# [WHAT IS NEEDED]
Every entry should come back exactly as written, minus the pictures.

Collected data:
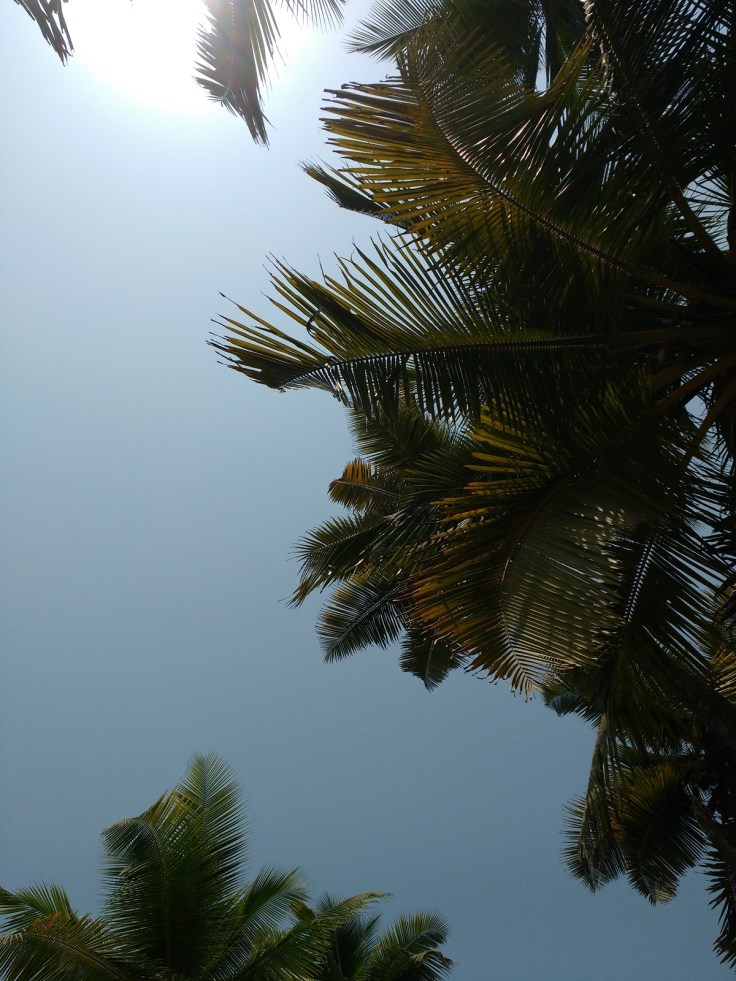 IMG_20170326_110932439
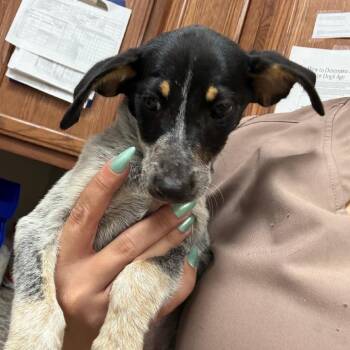 Sydney - 081211U -  Australian Cattle Dog Blue Heeler and Mixed Breed Dog for Adoption in Tupelo, Mississippi - Sydney - 081211U | PetCurious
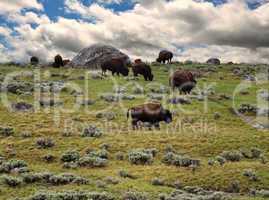 bisons feeding in the mountain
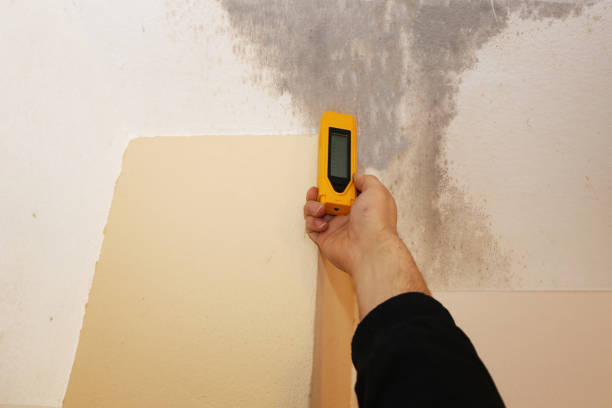 Best Commercial Mold Inspection  in Columbus, KS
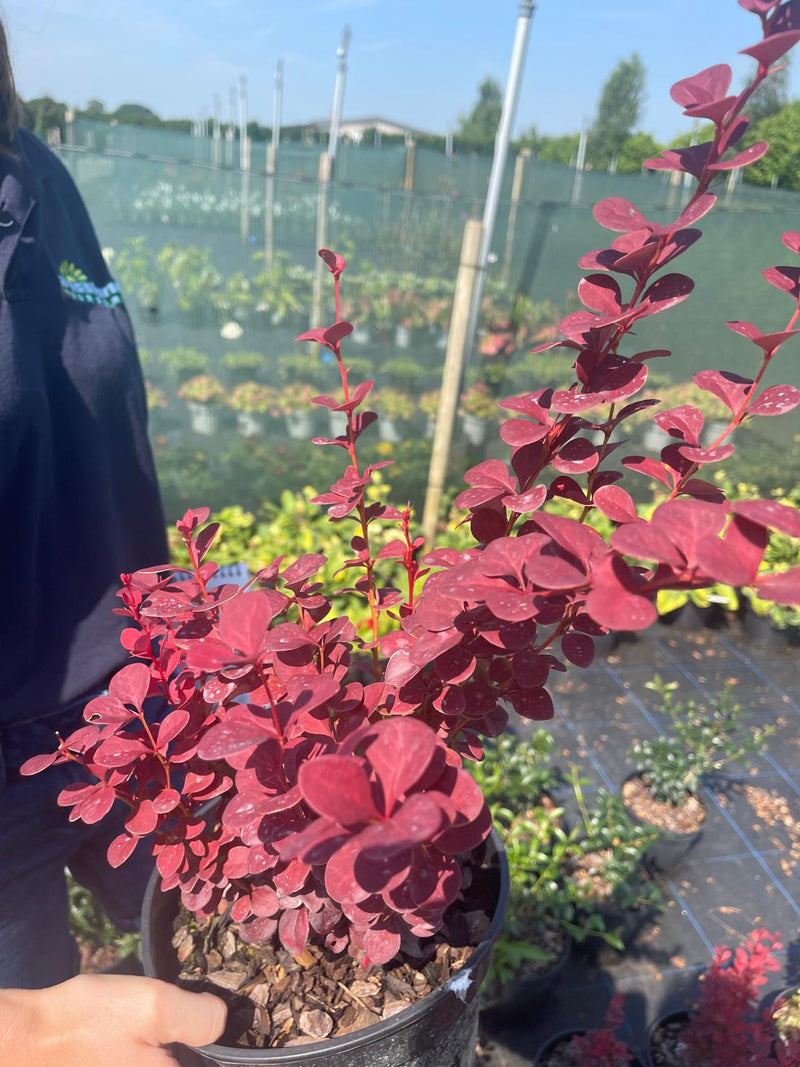 Berberis thunb. Orange Rocket 3 Litre Pot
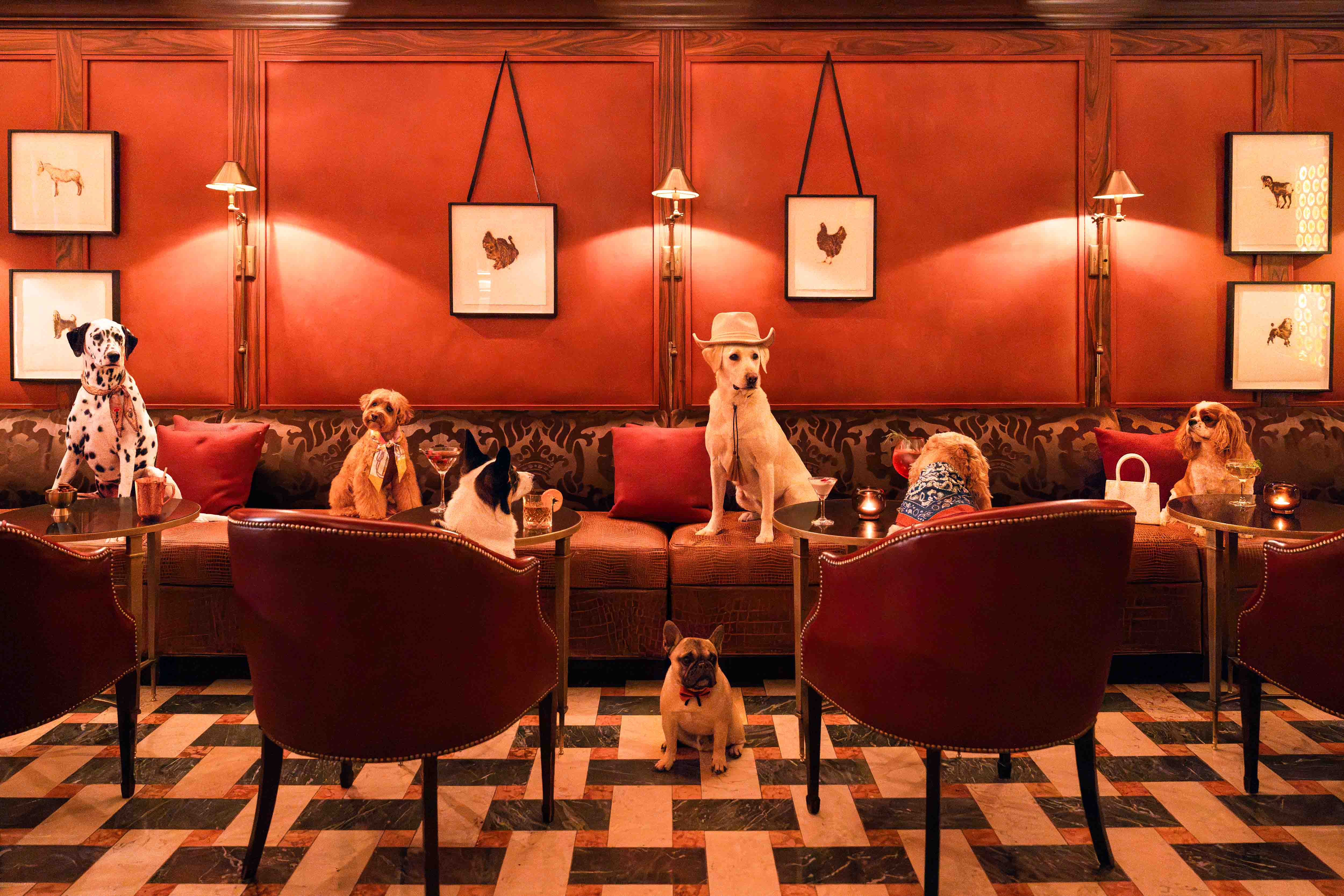 Nightcap at The Mansion Bar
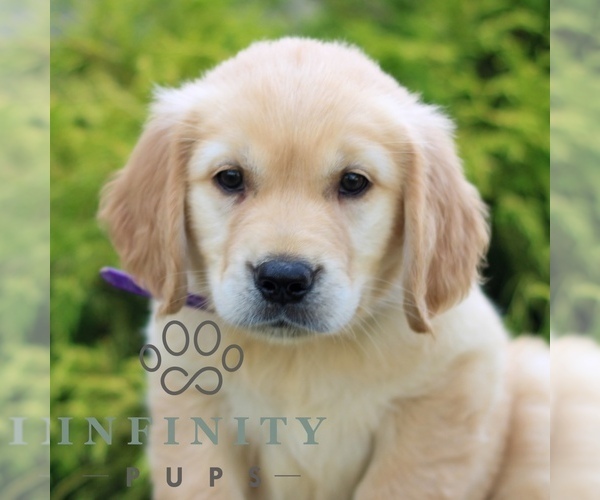 Medium Photo #1 Golden Retriever Puppy For Sale in LITITZ, PA, USA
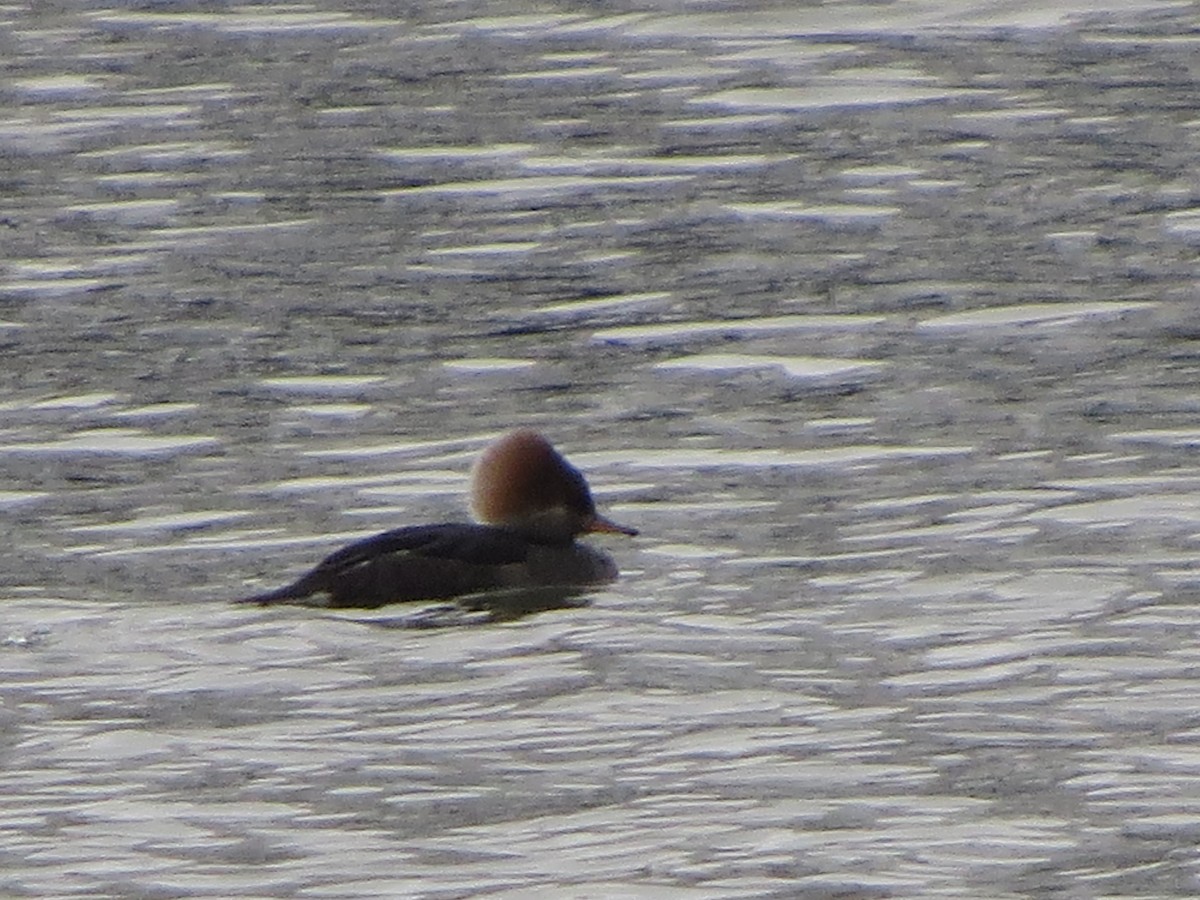 Hooded Merganser - ML646492659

# [ANSWER BOX]
 IMG_20170326_110932439
 Sydney - 081211U -  Australian Cattle Dog Blue Heeler and Mixed Breed Dog for Adoption in Tupelo, Mississippi - Sydney - 081211U | PetCurious
 bisons feeding in the mountain
 Best Commercial Mold Inspection  in Columbus, KS
 Berberis thunb. Orange Rocket 3 Litre Pot
 Nightcap at The Mansion Bar
 Medium Photo #1 Golden Retriever Puppy For Sale in LITITZ, PA, USA
 Hooded Merganser - ML646492659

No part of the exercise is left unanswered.